CD Review: “This is George Younce” (George Younce)

This CD is a collection of twelve songs Younce recorded, mostly in the 1970s.

“He is the Dearest Friend” was recorded in 1976 for the Easy on the Ears, Heavy on the Heart album. (The album and song, incidentally, were produced by Bill Gaither.) The song is in the key of A, and Younce sings low A at several points throughout the verses; his voice never sounded better in this subwoofer range than it did at this point in his life, before his heart attack.

“He is the Dearest Friend” and the second song, “Row Your Boat,” were both written by Younce. “Row Your Boat” applies naval imagery to the Christian life. It was originally recorded on the Cathedrals’ 1973 release Seniors in Season.

“He Came Back” was recorded in 1975 on the Cathedrals’ album For Keeps. (For Keeps, incidentally, is to the best of my knowledge the album on which the Southern Gospel classic “Shout over Heaven” was introduced.) This song is one of the highlights of the collection.

The fourth song the collection is the Joel Hemphill classic “Jesus Have Mercy on Me,” from the Cathedrals’ 1974 Our Statue of Liberty album. The first three songs on the project showcase Younce’s low singing; this is the first of several songs that features him carrying a lead, though in a lower key than a lead singer might perform the song. Younce carries the melody through the chorus, with the rest of the group joining in inverted harmony.
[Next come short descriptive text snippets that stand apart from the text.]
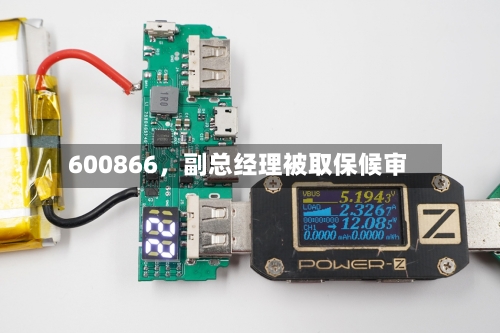 600866，副总经理被取保候审-第2张图片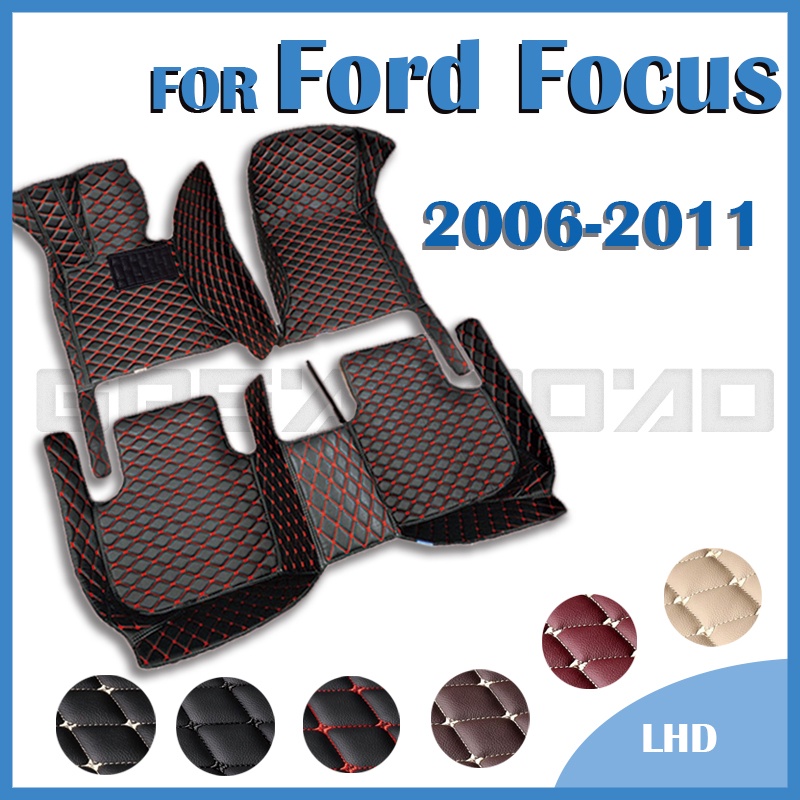 พรมปูพื้นรถยนต์ RHD อุปกรณ์เสริม สําหรับ Ford Focus 2006 2007 2008 2009 2010 2011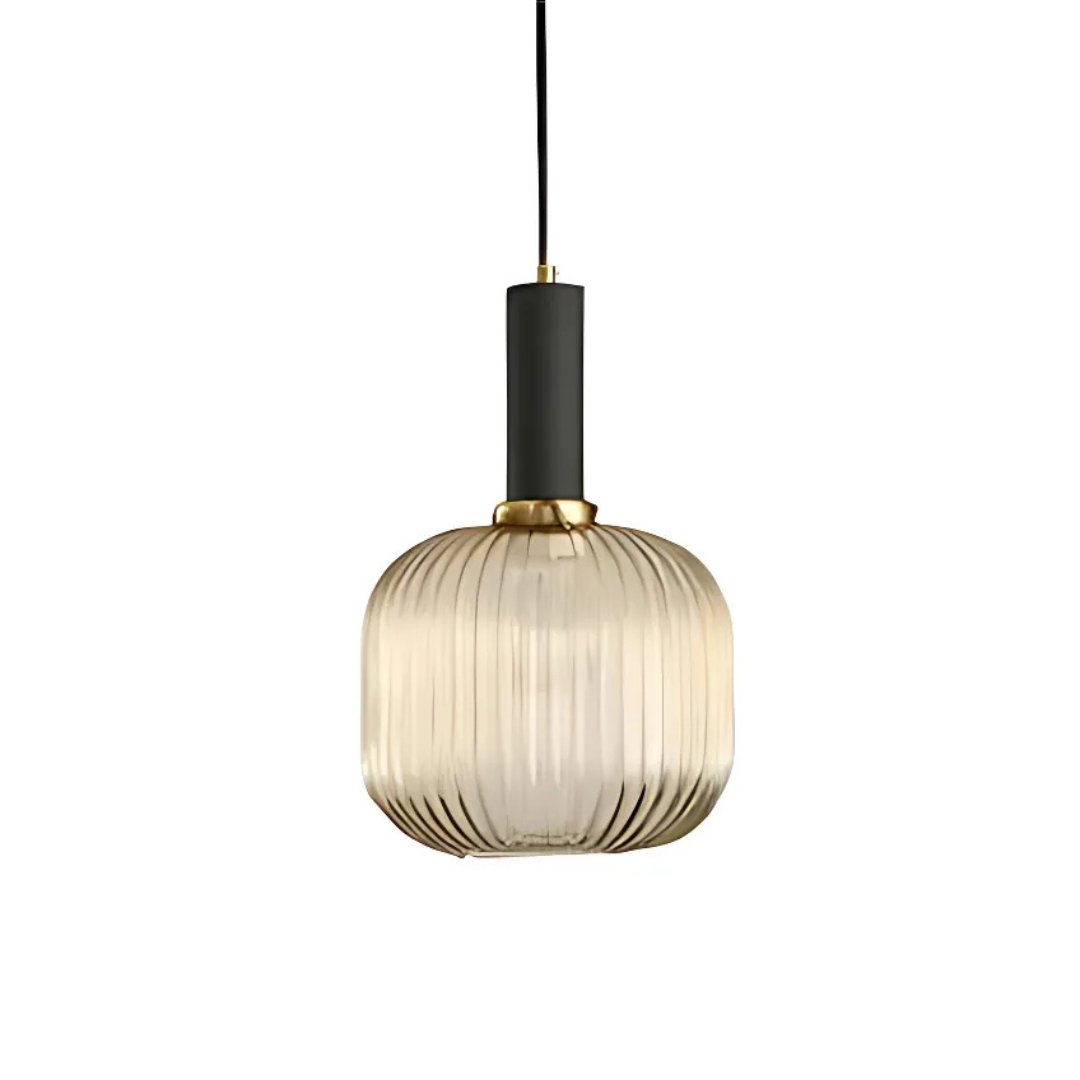Melia - Lampe Suspendue En Verre Coloré Style Nordique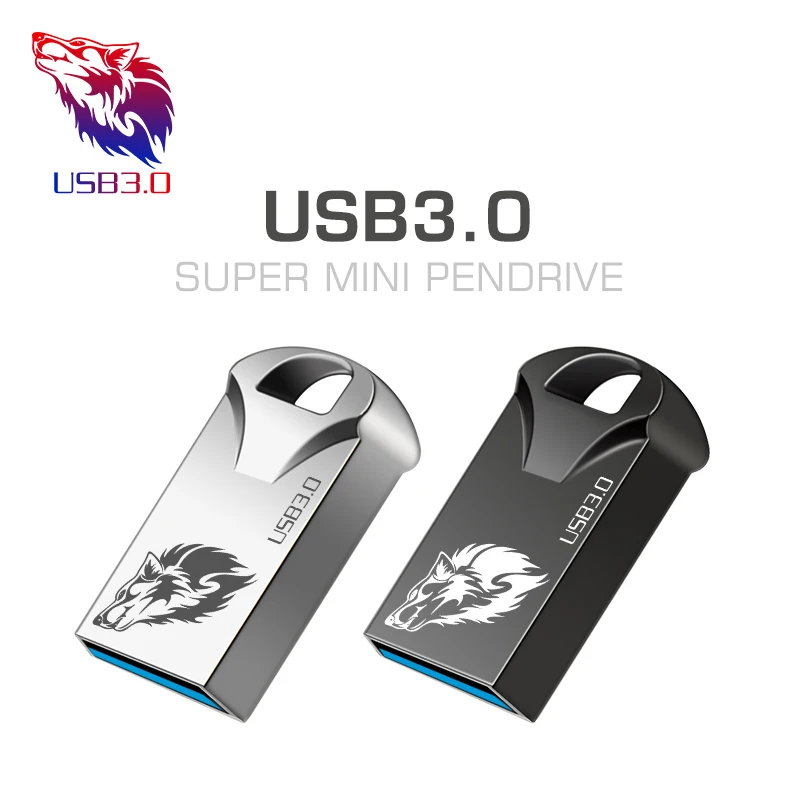 Супер мини металлический 3 0 usb флеш накопитель 64 ГБ 32 16 8 4 портативный 128 Гб карта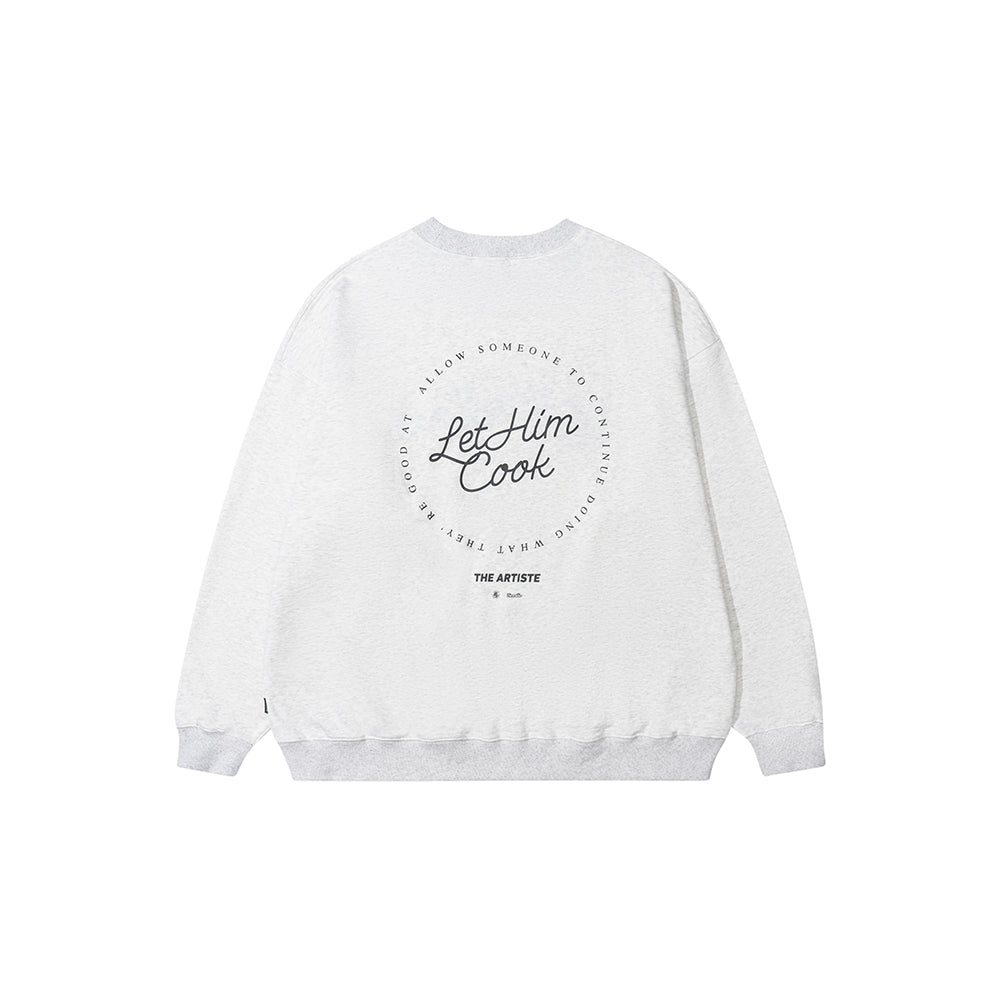 GREENHOUSE x theradio "Let Him Cook" SERIES GRAY SWEATSHIRT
“Then I Found Jesus,” the fifth song on the project, comes from A Little Bit of Everything (1970). Younce wrote the song, which became a Cathedrals standard throughout the 1970s.

“Keep on the Firing Line” is one of the few songs from the 1980s in this collection. This song, one of the few songs on the project to feature Kirk Talley’s and Mark Trammell’s voices, was recorded on Trammell’s first album with the group, Telling the World About His Love. Even though this song was recorded only a few years after the others on the project, a difference can already be heard in Younce’s voice quality.

“So I Love Him Dearly” comes from the Cathedrals’ 1978 album One at a Time. Younce wrote the song, which has recently been brought back by Gaither Homecoming tour artist Mike Allen.

The eighth song on the project, “Rumormill,” is distinctively a novelty song. (“If it can be twisted, you can be sure that it will / ‘Cause there ain’t nothing sacred at the rumormill.”) Younce recorded the song on the Cathedrals’ 1983 project Individually. Female backup singers sing the harmony parts; the voices of the other Cathedrals cannot be heard on the song.

Younce wrote the ninth song on the project, “Little Deeds.” It was originally recorded on Welcome to Our World (1972). The Cathedrals had quite a bit of tenor turnover that year. Mack Taunton was the tenor at the beginning of the year, and Roy Tremble ended the year with the job, but between the two, Bobby Clark and Roger Horne filled the tenor position. Either Horne or Tremble sings the tenor part on this song.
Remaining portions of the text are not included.